Kronik Hepatit B’nin tedavi ile kontrol altına alınabildiğini, kronik Hepatit C’nin ise tedavi edilebilir bir hastalık konumuna geldiğinin altını çizen Prof. Dr. Baykam, “Ülkemizde Hepatit B ve C hastaları, dünya standartları ölçüsünde tedavi imkanına kavuşmuşlardır.” diyerek konuşmasına şöyle devam etti:

“Hepatit C hastalarının yeni antiviraller ile tedavisi SGK tarafından karşılanmaktadır. 2-3 ay süren bu tedavilerin başarı oranı da neredeyse yüzde 100’e yakındır ve hastalık bir daha tekrarlamamaktadır. Tedavi edilen hastalarda siroz ve kansere bağlı ölümler önemli ölçüde azalmaktadır. Tedavinin gecikmesi uzun dönemde maliyetleri artırmaktadır. Bugün için tedavi edilebilen bu hastalıkta farkındalığı arttırmak çok önemli bir hale gelmiştir. Kronik Hepatit B tedavisinde hastalar günde 1 tablet ile tedavi edilebilmekte ve hastalık kontrol altına alınabilmektedir. Ancak bu tedavi uzun yıllar hatta bazen ömür boyu devam edebilmektedir.”
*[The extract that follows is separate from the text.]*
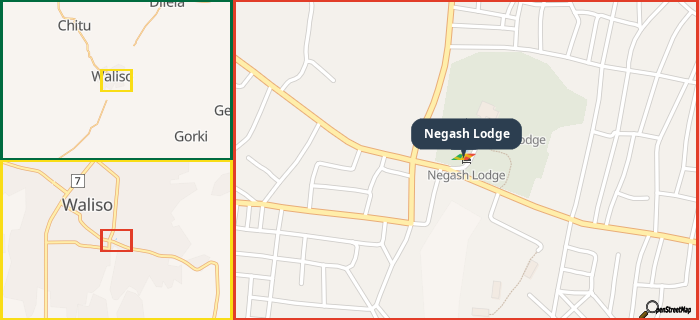 Map showing the address of Negash Lodge in three different zoom levels.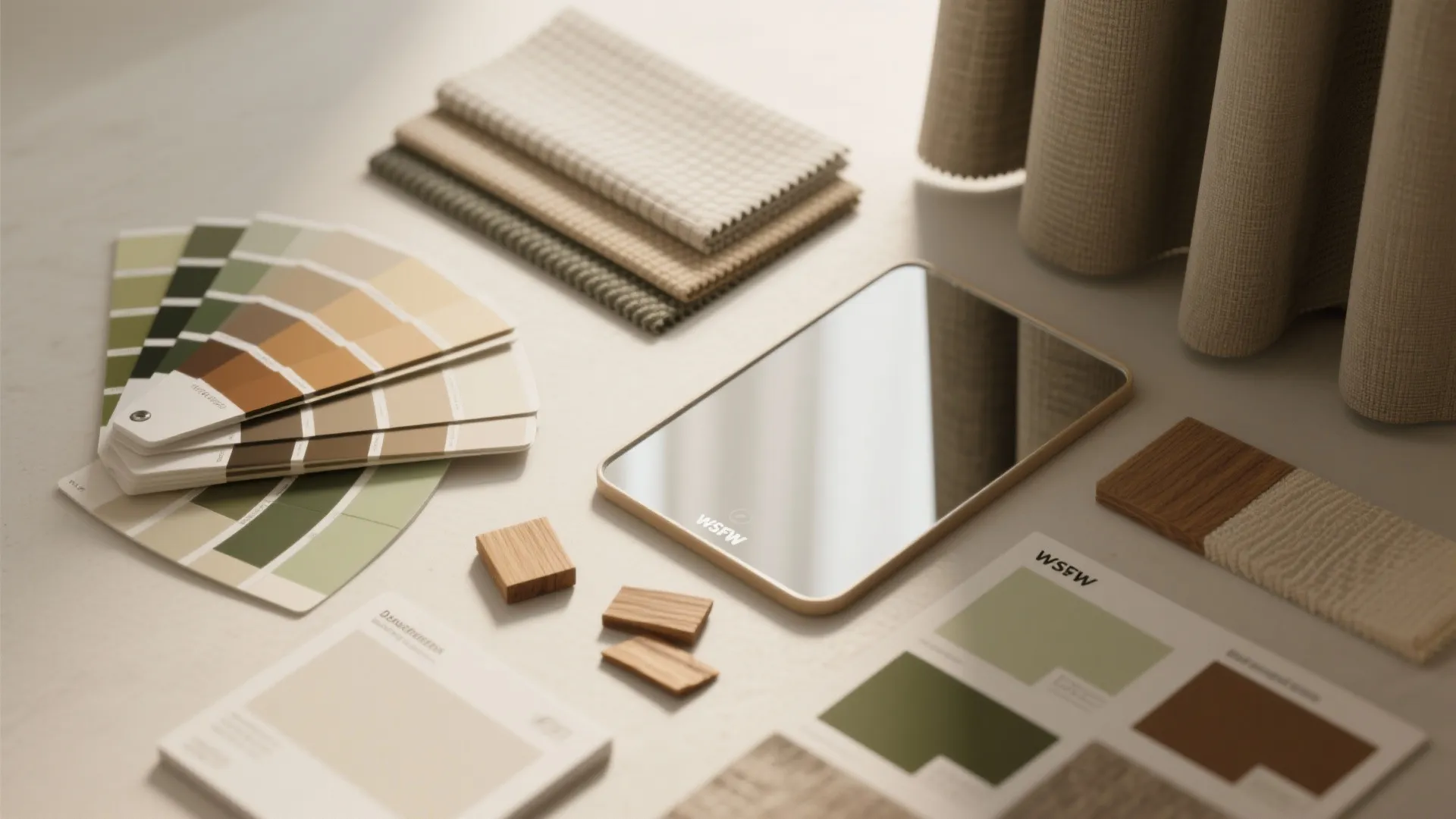 Interior design mood board with green color swatches fabric samples wood pieces and white tablet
“Hepatit B, aşıyla korunalabilir bir hastalık”

Hepatit B enfeksiyonunun aşıyla korunabilir bir hastalık olduğunu vurgulayan Prof. Dr. Baykam, “Sağlık Bakanlığı 1998 yılından beri Hepatit B aşısını çocukluk aşı programına almış olup, yüzde 90’ların üzerinde başarı ile bu programına devam etmektedir. Hepatit B için risk grubunda olan bireylerin de aşılanması ücretsiz olarak yapılabilmektedir. Hepatit C’nin ise aşısı yoktur.” dedi.
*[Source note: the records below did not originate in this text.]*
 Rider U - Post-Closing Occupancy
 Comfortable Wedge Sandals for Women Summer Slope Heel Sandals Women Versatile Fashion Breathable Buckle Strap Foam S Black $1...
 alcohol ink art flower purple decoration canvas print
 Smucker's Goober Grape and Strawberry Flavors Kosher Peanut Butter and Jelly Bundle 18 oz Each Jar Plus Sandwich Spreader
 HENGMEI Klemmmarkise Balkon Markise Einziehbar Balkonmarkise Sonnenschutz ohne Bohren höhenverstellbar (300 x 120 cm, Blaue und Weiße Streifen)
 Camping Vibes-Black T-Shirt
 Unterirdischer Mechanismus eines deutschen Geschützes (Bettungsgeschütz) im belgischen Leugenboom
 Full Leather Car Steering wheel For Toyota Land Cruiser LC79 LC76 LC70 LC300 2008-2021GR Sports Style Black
“Kronik hepatitleri olup da tanısını bilmeyen milyonlarca hasta var”

Hastaların tanı alma oranının yaklaşık yüzde 20’lerde olduğunu söyleyen Prof. Dr. Baykam, “Bunun anlamı kronik hepatitleri olup da tanısını bilmeyen milyonlarca hasta var. Hastalıkları sessizce siroza ve karaciğer kanserine ilerleyebilmektedir. Bu hastalar ayrıca hastalıklarını kan ve cinsel yol ile bulaştırarak aramızda yaşamaya devam etmektedirler.” dedi.

Prof. Dr. Baykam, sessiz giden ve hastalıklarını bilmeden yaşayanlar için mutlaka öncelikli olarak riskli gruplardan başlayarak tarama programlarının uygulamaya alınması gerektiğinin altını çizdi.